Sehr guter link!!! Verständlich und gut erklärt und dazu passende bilder! Schlaufe ist auch viel besser als boom!!!

Mfg


----------



## derNershofer (7. Juni 2009)

*AW: angeln mit futterkorb*

ja danke 
aber ich werde es glaub ich trotzdem mit boom probieren 
ich habe damit schon erfahrunf beim karpfenangeln gamcht fast genause wie oben das bild bloß das ich blei statt futter.. drann hatte und nen anderes vorfach
ich habe damit keine probleme das es sich verhettert 
derNershofer


----------



## Angel-Flo (7. Juni 2009)

*AW: angeln mit futterkorb*

HI,

hätte da mal eine Frage,

wie weit ist der abstand zw. haken (köder) und Futterkorb?


----------



## RheinBarbe (7. Juni 2009)

*AW: angeln mit futterkorb*



Angel-Flo schrieb:


> HI,
> 
> hätte da mal eine Frage,
> 
> wie weit ist der abstand zw. haken (köder) und Futterkorb?


Ich angel mit 50-70cm Vorfach, finde das ist ach mehr so eine Placebo Geschichte mit der Exakten Vorfachlänge.

Wenn die Fische beissen, dann beissen sie.

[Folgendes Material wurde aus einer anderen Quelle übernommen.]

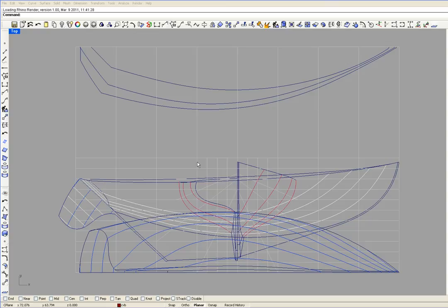Also in the body plan are the diagonals. This is diagonal A, diagonal B and diagonal C.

Ansonsten lies mal die Grundangelfibel, da gibt es viele Tipps, Tricks und sonstige Kniffe von Andal.
http://www.flussangler.com/Flussangler-com_Die_Grundangelfibel.pdf


----------



## derNershofer (7. Juni 2009)

*AW: angeln mit futterkorb*

also auf karps ist das vorfach max20cm das stört dei net und da mit hab ich akein prblem
ich denke ich werde mir wumr haken kaufen und dann wird das vorfac ca. 30cm lang sein 
aber was ist damit
derNershofe


----------



## Andal (7. Juni 2009)

*AW: angeln mit futterkorb*



derNershofer schrieb:


> also auf karps ist das vorfach max20cm das stört dei net und da mit hab ich akein prblem
> ich denke ich werde mir wumr haken kaufen und dann wird das vorfac ca. 30cm lang sein
> aber was ist damit
> derNershofe



Wie meinen?|rolleyes


----------



## Angler-Flo (7. Juni 2009)

*AW: angeln mit futterkorb*

Fische nur mit dieser MOntage ... finde sie absolut super und bisher nur gute Erfahrungen ... Wie weit der ABstand von Futter und Köder ist kann man "einstellen" anhand von Vorfachlänge - länge des Casting Booms usw. 

Mit Verhädderungen hatte ich noch keine Probleme. Klar passiert hin und wieder mal, aber meistens dann beim Wurf - etwas unsauber geworfen. aber sonst Super! 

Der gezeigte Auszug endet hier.